Attorney General v. Kenco Optics, Inc.

340 N.E.2d 868, 369 Mass. 412, 1976 Mass. LEXIS 843
CourtMassachusetts Supreme Judicial Court
DecidedJanuary 2, 1976
StatusPublished
Cited by41 cases

This text of 340 N.E.2d 868 (Attorney General v. Kenco Optics, Inc.) is published on Counsel Stack Legal Research, covering Massachusetts Supreme Judicial Court primary law. Counsel Stack provides free access to over 12 million legal documents including statutes, case law, regulations, and constitutions.

Bluebook
Attorney General v. Kenco Optics, Inc., 340 N.E.2d 868, 369 Mass. 412, 1976 Mass. LEXIS 843 (Mass. 1976).

Opinion

Braucher, J.

By this action for declaratory and injunctive relief, the Attorney General presents the question whether a licensed dispensing optician may continue to fit contact lenses to the human eye. Like the trial judge, we hold that until the Legislature speaks further the practice is not illegal. The action should not have been dismissed, however; we order a new judgment declaring the rights of the parties.
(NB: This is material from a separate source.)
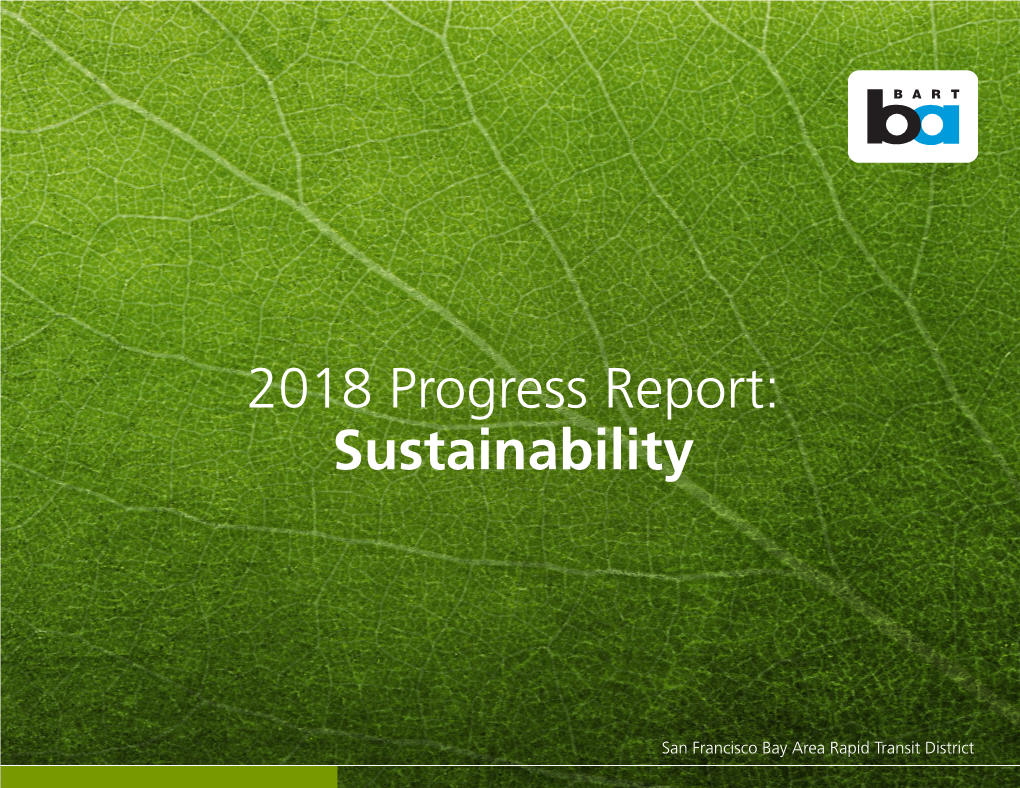 2018 Progress Report: Sustainability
The Attorney General brought the action in the Superior Court in 1970. Demurrers were overruled in 1971, and the case was tried in December, 1974, on a stipulation of facts, oral testimony and exhibits. The judge filed a document entitled “Findings, Rulings, and Decree,” and judgment was entered dismissing the action. The defendants appealed from the interlocutory decree overruling their demurrers, the plaintiff appealed from the judgment, and the appeals were consolidated. We allowed the plaintiff’s application for direct appellate review.

We summarize the judge’s findings. The individual defendant, a registered dispensing optician, is president and sole stockholder of the corporate defendant, which is in the business of dispensing optician. As part of their *414 work they fit contact lenses to the human eye. Contact lenses have been used throughout the United States since well before 1950. The individual defendant has been an optician since 1955; since 1959 he has fitted contact lenses to at least 8,000 people, with no complaint of injury. There is no indication that the health, safety or welfare of the residents of Massachusetts has been in any way endangered by any activity of the defendants. Customarily, a person who wants contact lenses in Massachusetts is examined by an ophthalmologist or an optometrist and a prescription is secured. The ophthalmologist rarely fits the contact lenses. Fittings may be made by the optometrist, or either the ophthalmologist or the optometrist may send the person with a prescription to an optician for fitting. Optometrists feel that they are better qualified than opticians to fit contact lenses to the human eye. Forty-eight ophthalmologists in the Boston-Lynn area have referred patients to the individual defendant for such fitting, as have the Boston University Medical Center Eye Clinic, the Boston City Hospital Eye Clinic, and the Harvard University Health Services.

The judge ruled that the public in Massachusetts has the choice of having a prescription for contact lenses filled by an optician, and that nothing in the applicable statutes prevents duly licensed dispensing opticians in Massachusetts from fitting contact lenses to the human eye on written prescription.

1. Parties. The defendants argue that the action should have been dismissed because the Attorney General failed to join all registered opticians as defendants. He sought a declaration that the fitting of contact lenses to the human eye by “all” persons other than licensed optometrists, physicians and surgeons is illegal. Hence, the defendants argue, all opticians have an interest “which would be affected by the declaration,” and G. L. c. 231A, § 8, requires that all persons who have such an interest be made parties.

*415 The action was not brought as a class action under Mass. R. Civ. P. 23, 365 Mass. 767 (1974), and it seems clear that neither declaratory nor injunctive relief could be awarded against opticians not made parties defendant. They would not be bound by the findings of facts or by the judgment, but they might be affected by the case as a precedent on an issue of law. We need not now pass on the form which declaratory or injunctive relief should take in such a case. Suffice it for now that G. L. c. 231A, § 8, does not require the joinder of persons who would be affected by a decision only as a precedent on an issue of law. Cf. Sudbury v. Commissioner of Corps, & Taxation, 366 Mass. 558, 568-569 (1974); Trustees of Tufts College v. Volpe Constr. Co., 358 Mass. 331, 340 (1970).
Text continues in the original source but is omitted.